- AVAILABLE DATA -
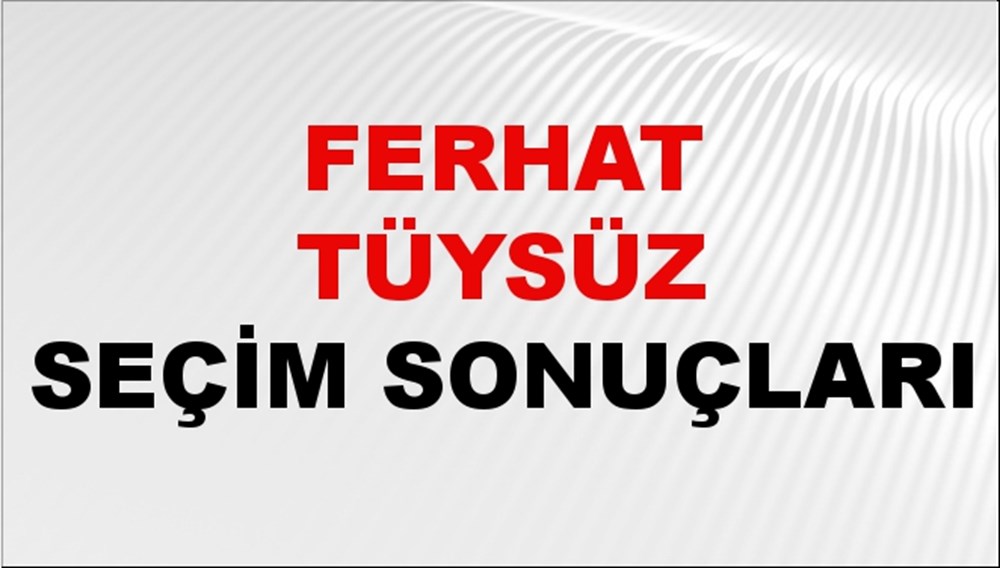 Ferhat Tüysüz Seçim Sonuçları 2024 Canlı: 31 Mart 2024 Türkiye Ferhat Tüysüz Yerel Seçim Sonucu ve İlçe İlçe YSK Oy Sonuçları Son Dakika - 1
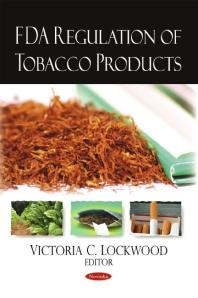 FDA Regulation of Tobacco Products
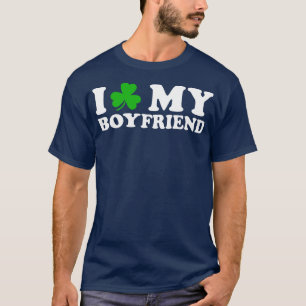 I Shamrock My Boyfriend I Love My Boyfriend T-Shirt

- INSTRUCTIONS TO FOLLOW -
Restate the data word for word, minus any images.

- EXERCISE OUTPUT -
 Ferhat Tüysüz Seçim Sonuçları 2024 Canlı: 31 Mart 2024 Türkiye Ferhat Tüysüz Yerel Seçim Sonucu ve İlçe İlçe YSK Oy Sonuçları Son Dakika - 1
 FDA Regulation of Tobacco Products
 I Shamrock My Boyfriend I Love My Boyfriend T-Shirt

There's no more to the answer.